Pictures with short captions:
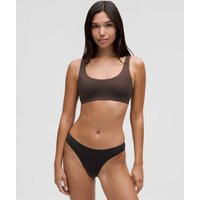 Wundermost Ultra-Soft Nulu Racerback Bralette | Lululemon (US)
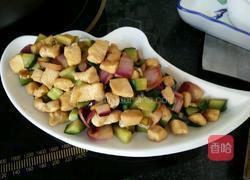 糖醋鸡胸肉的做法图解9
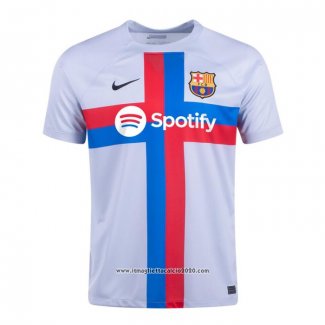 Maglia FC Barcellona Terza 2022 2023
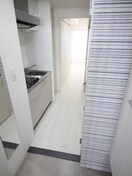 玄関 SeiwaPalace梅田茶屋町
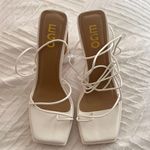 EGO Strappy Heels Photo 2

TASK DIRECTIONS:
No pictures belong in the output. It should reproduce exactly the lines from the one containing "Maglia FC Barcellona Terza 2022 2023" through the end of the data, both ends included.

SOLUTION TO THE EXERCISE:
 Maglia FC Barcellona Terza 2022 2023
 玄関 SeiwaPalace梅田茶屋町
 EGO Strappy Heels Photo 2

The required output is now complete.